How can a non-LOTUS contributor dissent with a claim made by LOTUS, and make sure that their dissent in recorded in Wikidata or other available platforms? Some claims are expected to be disputed and resolved over time. Please provide an example of how you imagine dealing with unresolved disputes.

The easiest way is to contribute directly to Wikidata. Some tutorials are given in the SI to create new statements, also showing the way on how to modify one. Wikidata, thanks to its ever updated content, will always be “one step ahead” of LOTUS. We will periodically re-import Wikidata and we will be able to see:

– new statements corresponding to our criteria

– statements we made that were modified

In the case of modification of statements we previously uploaded, Wikidata always has the priority. The only way to deal with unresolved disputes is manually.

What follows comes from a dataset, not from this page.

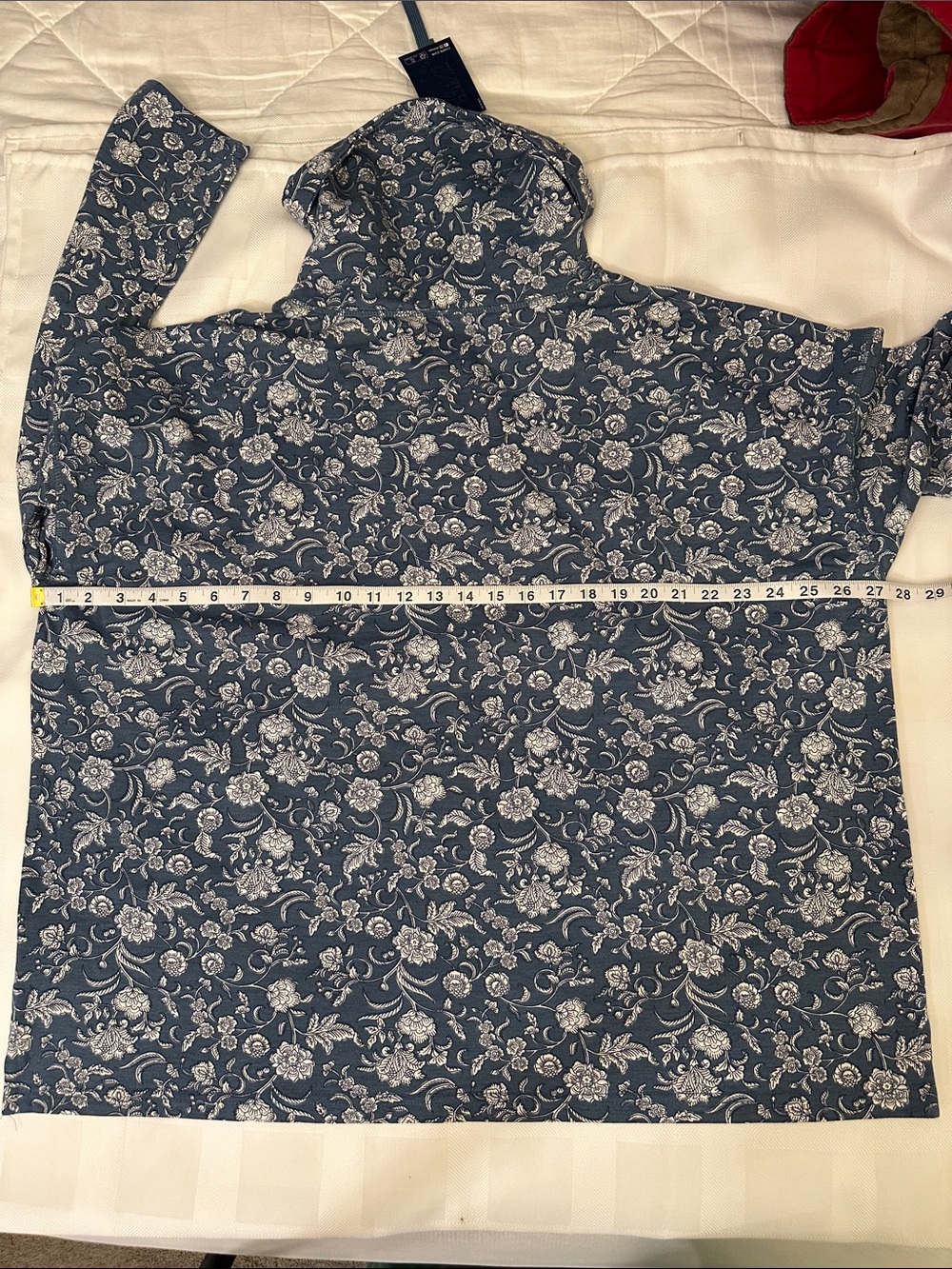 NWT Women’s 2XL Chaps blue and white floral cowl neck sweatshirt - Picture 5 of 9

We take this opportunity to link this entry we created, which raised words of caution discussed openly, with details on the reason why: https://www.wikidata.org/wiki/Talk:Q104916955

"Community participation is the most e cient means of achieving more comprehensive documentation of NP occurrences, and the comprehensive editing opportunities provided within LOTUS and through the associated Wikidata distribution platform open new opportunities for collaborative engagement."

Do you have any evidence to suggest that community participation is the most effective way to achieve more comprehensive documentation of NP occurrences? Please provide references or data to support this claim.

Our phrasing was not accurate and we modified this section. We thank the reviewer again for careful reading.

"In addition to facilitating the introduction of new data, it also provides a forum for critical review of existing data, as well as harmonization and veri cation of existing NP datasets as they come online."

Please provide example of cases in which a review led to a documented dispute that allowed two or more conflicting sources to co-exist. Show example of how to annotate disputed claims and claims with suggested corrections.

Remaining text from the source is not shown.